- WHAT YOU NEED TO DO -
The lines to find are those in the entries that hold the word "with"; copy every one of them.

- Opening Delimiter -

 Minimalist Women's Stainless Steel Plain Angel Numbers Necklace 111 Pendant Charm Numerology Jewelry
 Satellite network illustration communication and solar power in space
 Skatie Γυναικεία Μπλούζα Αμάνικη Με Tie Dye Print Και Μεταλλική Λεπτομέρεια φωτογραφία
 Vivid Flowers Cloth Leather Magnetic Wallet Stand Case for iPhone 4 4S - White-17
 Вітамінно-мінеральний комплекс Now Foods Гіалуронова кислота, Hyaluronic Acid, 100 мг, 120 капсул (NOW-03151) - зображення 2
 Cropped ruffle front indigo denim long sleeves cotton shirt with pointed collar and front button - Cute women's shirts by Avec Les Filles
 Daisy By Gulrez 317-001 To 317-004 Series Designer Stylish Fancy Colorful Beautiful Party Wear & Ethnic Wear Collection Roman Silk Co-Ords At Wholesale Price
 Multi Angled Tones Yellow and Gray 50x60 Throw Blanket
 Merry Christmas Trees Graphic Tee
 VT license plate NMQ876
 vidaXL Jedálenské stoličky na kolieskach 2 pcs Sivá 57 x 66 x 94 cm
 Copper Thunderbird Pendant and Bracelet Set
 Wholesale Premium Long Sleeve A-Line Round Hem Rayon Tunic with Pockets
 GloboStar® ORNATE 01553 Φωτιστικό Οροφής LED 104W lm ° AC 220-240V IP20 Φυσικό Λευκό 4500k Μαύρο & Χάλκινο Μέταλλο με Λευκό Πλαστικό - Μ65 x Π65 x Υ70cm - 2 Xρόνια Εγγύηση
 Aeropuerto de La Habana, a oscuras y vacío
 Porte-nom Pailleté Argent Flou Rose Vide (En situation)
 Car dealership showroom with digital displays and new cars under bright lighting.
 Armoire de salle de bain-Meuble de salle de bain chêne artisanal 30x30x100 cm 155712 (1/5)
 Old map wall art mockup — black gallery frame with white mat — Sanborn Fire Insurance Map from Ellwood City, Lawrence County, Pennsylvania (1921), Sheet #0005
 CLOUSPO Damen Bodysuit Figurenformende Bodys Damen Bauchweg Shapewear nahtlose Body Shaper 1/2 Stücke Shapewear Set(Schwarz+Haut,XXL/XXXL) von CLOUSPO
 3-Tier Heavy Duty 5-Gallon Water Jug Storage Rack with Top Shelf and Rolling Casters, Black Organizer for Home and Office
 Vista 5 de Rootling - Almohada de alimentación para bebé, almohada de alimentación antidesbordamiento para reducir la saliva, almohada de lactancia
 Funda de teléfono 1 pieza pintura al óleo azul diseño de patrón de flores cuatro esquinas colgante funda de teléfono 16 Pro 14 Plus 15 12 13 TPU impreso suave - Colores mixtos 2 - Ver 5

- Closing Delimiter -

- EXERCISE RESPONSE -
 Cropped ruffle front indigo denim long sleeves cotton shirt with pointed collar and front button - Cute women's shirts by Avec Les Filles
 Wholesale Premium Long Sleeve A-Line Round Hem Rayon Tunic with Pockets
 Car dealership showroom with digital displays and new cars under bright lighting.
 Old map wall art mockup — black gallery frame with white mat — Sanborn Fire Insurance Map from Ellwood City, Lawrence County, Pennsylvania (1921), Sheet #0005
 3-Tier Heavy Duty 5-Gallon Water Jug Storage Rack with Top Shelf and Rolling Casters, Black Organizer for Home and Office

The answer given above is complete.